Having access control on data when executing Jobs on an execution server in Talend is one of the critical business requirements that clients look for in a platform. The need for compliance can be due to regulatory reasons or internal business confidentially. So users often create separate Service accounts to manage the access control in the JobServer and execute Job tasks accordingly. But this can be cumbersome, time consuming, and limit audit capabilities if done outside the toolsets of Talend.
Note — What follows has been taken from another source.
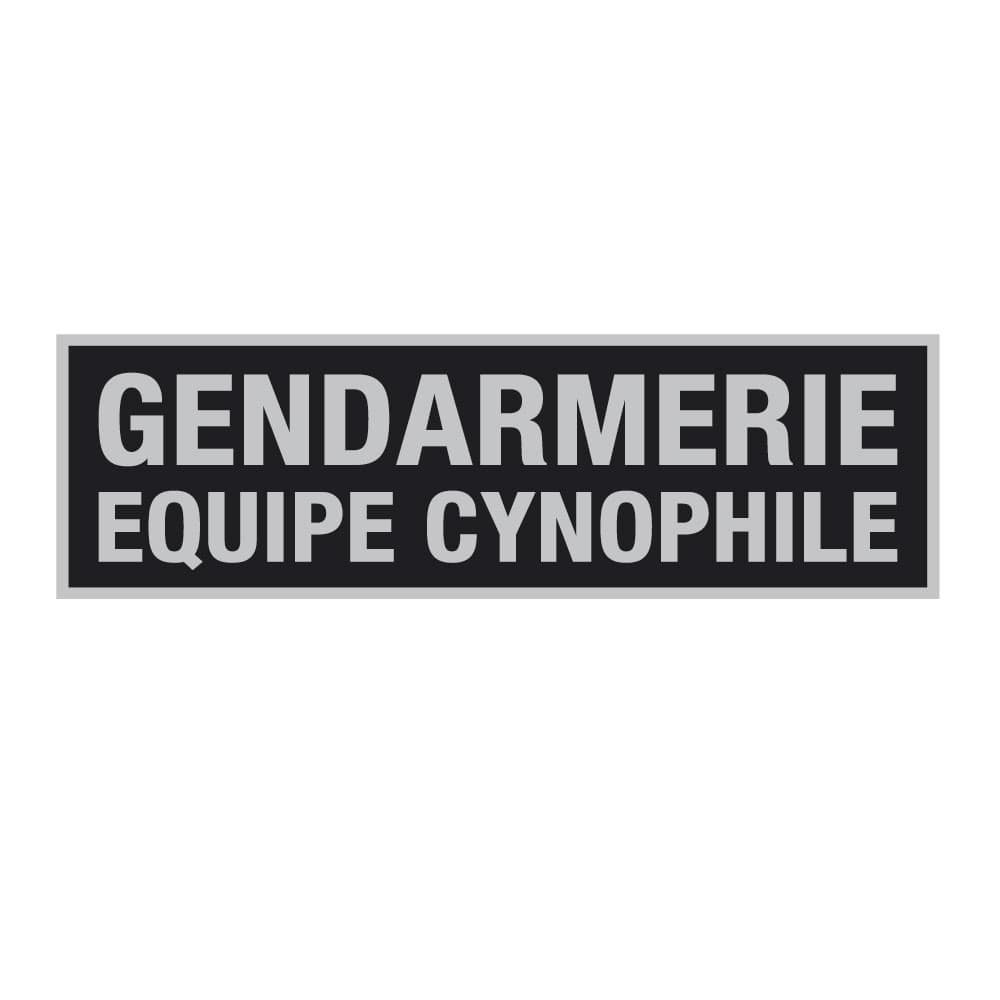 Bandeau d'identification rétro-réflechissant fond noir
When using Talend Administration Console (TAC), one of the improvements can be to have multiple JobServers deployed, with each server mapped to individual service accounts for controlling the access of data. Once you lock the service accounts and JobServer combinations, no user can be configured to use RUN AS capabilities for executing JobServer tasks, because sudo capability (in other words, running programs with the security privileges of another user) can be curtailed when creating the service accounts. Taking this design approach, the following article describes a simple Job design to automate the creation of multiple JobServers, and to configure them in TAC to enable access control when executing the Jobs.
As shown in the diagram above, the process to automate the process of creating multiple JobServers is depicted in multiple steps below.
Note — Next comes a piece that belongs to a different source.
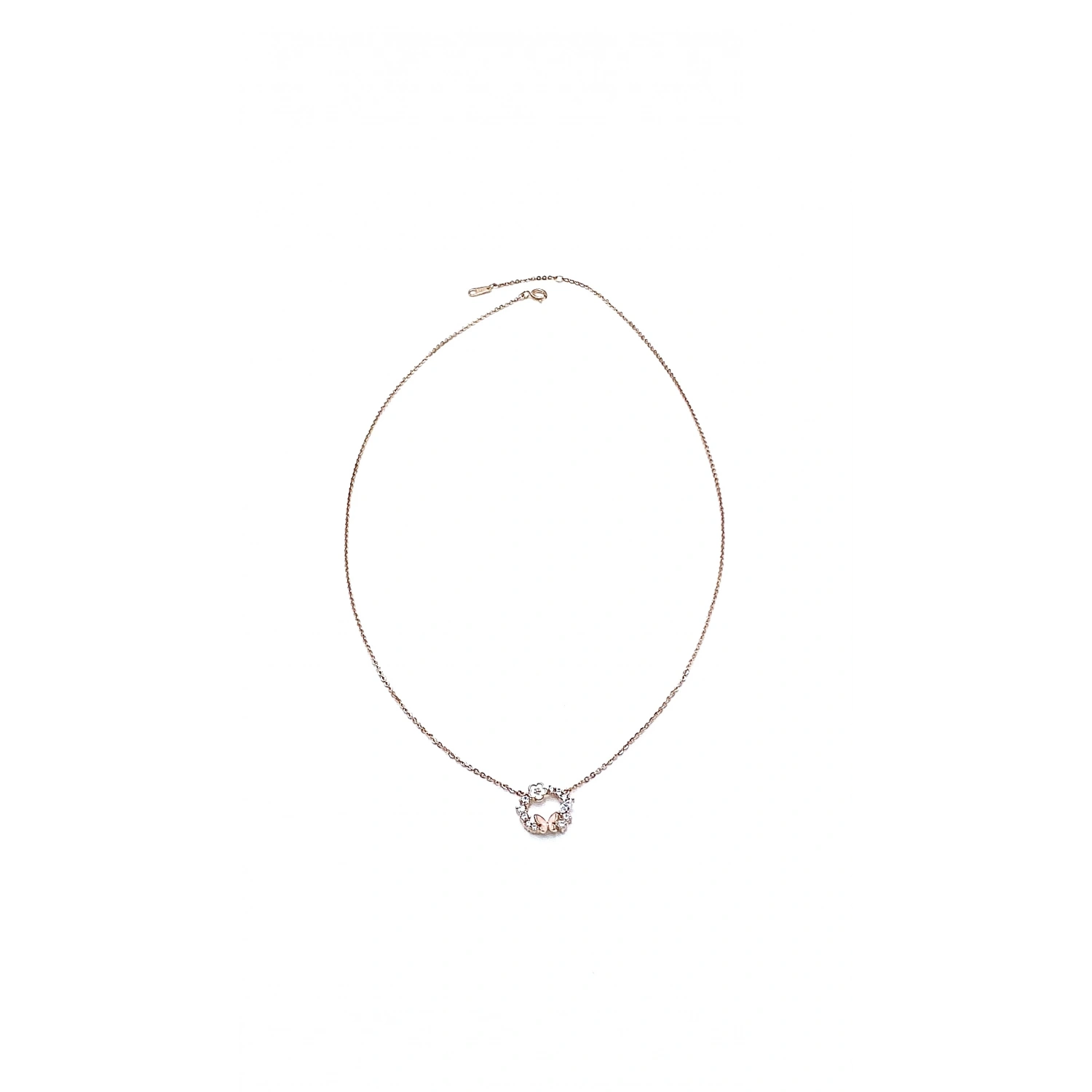 Kelebek Çelenk R Kolye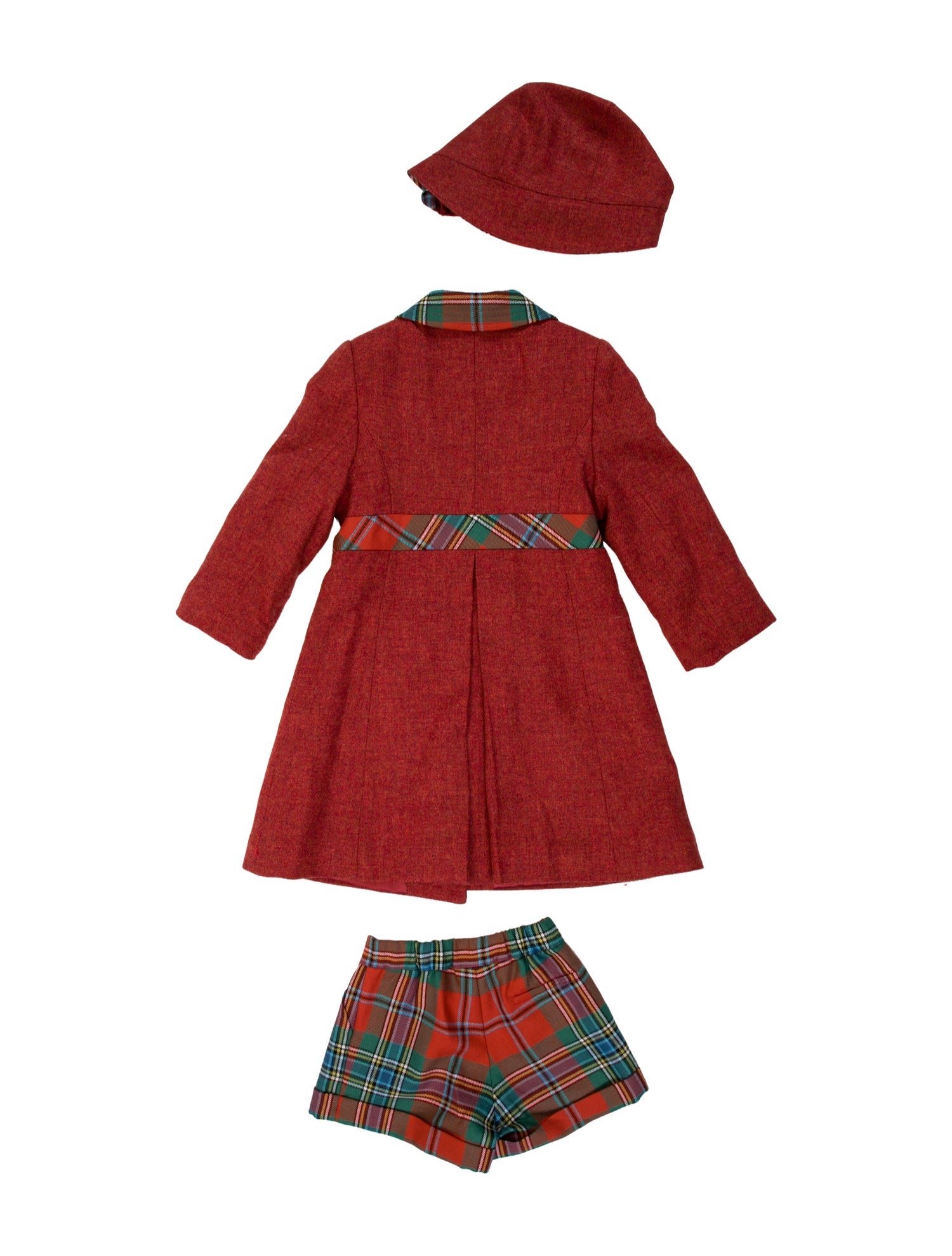 Oscar de la Renta Girls' Wool Coat Set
Note: This process is explained in the Talend Data Fabric installation guide provided as part of your product installation, and is available in the Talend Help Center. Navigate to Installing and Configuring Talend server modules, then scroll down to the Installing and configuring your JobServers section.
Details of the configurable default values of the Job context are listed below:
Edit and modify the Default.properties file to change the values according to the HOST environment where you plan to deploy the JobServer using the available ports. Importantly, ensure there are no firewalls or other software rules restricting access to the configured ports.
If you don’t want to modify the Default.properties directly, then during execution of the Job, parameters can be set on runtime by providing inline parameters such as:
JobServer_run.bat --context=Default --context_param service_account=svc_talend --context_param MONITORING_PORT=8878 ……
After the Job finishes successfully, a new folder will be created in the same folder where the Archive file is placed. The folder will be named according to the service account name given.
Follow the instructions in the README.txt file to enable the JobServer as a Service.
In TAC, access to resources is provided through the project(s). All the resources are tied to the project, and then you give users access to the project(s).
In a Production TAC, you can create projects with the None storage option as shown below. In this case, there is no source repository like SVN or Git behind this project. The project is simply a Label to attach our resources to for deployment of the binaries and security purposes.
Depending on how closely you want to manage access to the JobServers, and thus to the Service Accounts, you may decide to create one or more such projects. You can even create 21 such projects to enable you to manage access to the JobServers on a very granular level.
Once you have the projects created, you can assign Ops Users the Operation Manager role and give them Read access to the project(s). In the diagram below, User1 has access to two projects named TENANT1 and TENANT2.
Set up one JobServer for each Service Account by duplicating the JobServer directory so that you have one directory for each JobServer, as shown below:
Set up the RUN_AS_WHITELIST parameter for each JobServer, as shown below, to further ensure the fact that no other user, other than the whitelisted one, can execute jobs through this JobServer.
The whole JobServer folder for each Service Account is owned by that Service Account. So only a root user, or a user that is allowed to sudo to that Service Account, can see the configuration files.
The JobServer is set up to start under that Service Account.
The Service Account has access to all folders required for Jobs running under that Service Account to work.
You need a Kerberos keytab for each Service Account. The keytab is placed in the home directory of that Service Account, so only processes started under that Service Account will be able to access the keytab file.
As an example, details on how to create a keytab on Windows are available on this ktpass page, but follow the correct process for your operating system.
Set up the JobServers in the TAC with the correct ports as shown below.
Associate the Server in the TAC to the corresponding project(s). You can associate one JobServer to one project, or many JobServers to one project. This depends on the level of granularity you want. In the beginning, it may be easier to assign one JobServer to one project.
Once you have set up all the projects and servers, limit the Rights of the Operation Manager to only the two items related to Job Conductor, as shown below.
Since the Production TAC only has projects with the No Storage option, you need to provide Jobs as Zip files or from Nexus. When the Job Conductor imports a Zip from disk or from Nexus, it looks at the jobInfo.properties file to know which project to link this Job to. This properties file is provided within the Zip file of the Job. If you need to change the project so that a project label for a different tenant can be attached to the Job, you can modify the project= attribute in this file to match your project in Production. This can be automated through a build process. This is to allow a binary Job built from a project called xyz_dev to be attached to project TENANT1 in Production.
When creating and editing tasks on the Job Conductor, the user will only be allowed to associate a Job to the JobServer that he/she has access to. So a user will never be able to run a Job against a Service Account which he/she does not have access to using the RUN AS feature of TAC.